For the page OccupyTogether, an accuracy of 0.886 , precision of 0.291 , and recall of 0.071 was calculated, with a testing time of 9175 s. This result is quite low since all learned rules are being considered. To portray a more realistic view of user influence, the rules were limited to only consider rules with confidence 95 % and rules affecting a single user. Rules affecting more than one user are already covered by the rules affecting a single user, reducing the number of learned rules from 46,170 to 4469 and the execution time down to 890 s. Showing an accuracy of 0.927 , precision of 0.794 , and recall of 0.017 . The testing was also performed on the rest of the pages and the results are reported in Table 6. The recall is low because there are many false negatives (calculated with TP/(TP+FN)).
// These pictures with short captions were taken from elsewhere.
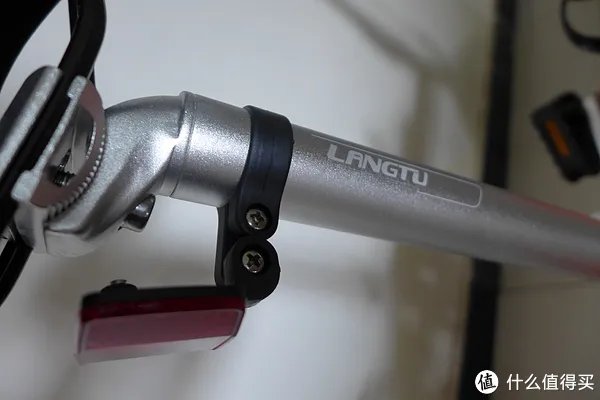 #乐骑天下# 公交通勤爱车：Langtu 狼途 14寸折叠车 开箱&后货架安装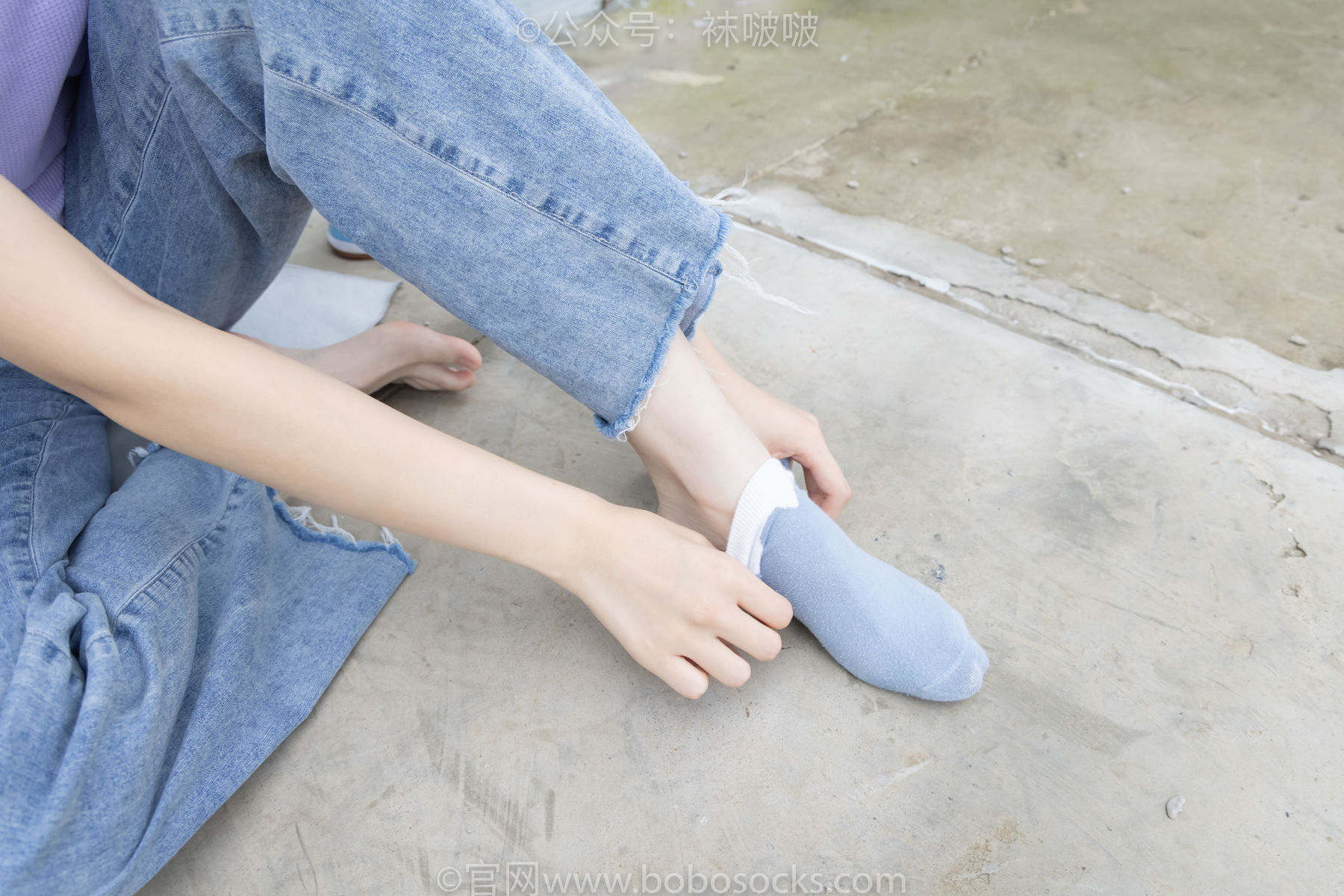 BoBoSocks袜啵啵 No.020 熊熊-NB运动鞋、蓝色短棉袜、裸足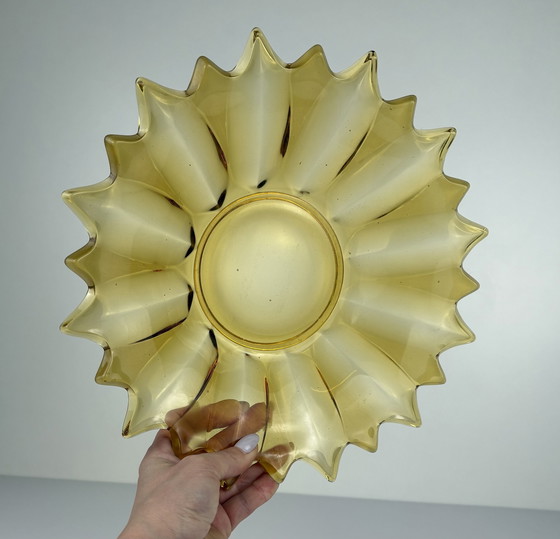 Image 1 of Art Deco Bernsteinfarbene Sonnenblumenschale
The relatively high accuracy is then achieved with a relatively high number of true negatives used in (TN+TP)/(TP+FP+TN+FN). In general, the unfiltered rules show a lower accuracy, precision, and recall compared to the filtered rules. Furthermore, the complexity of the rule set is reduced by filtering the rules, indicating the beneficial use of rule filtering. The rules set was on average reduced by approximately 93 % . A less complex rules set could be easier to test and also to understand.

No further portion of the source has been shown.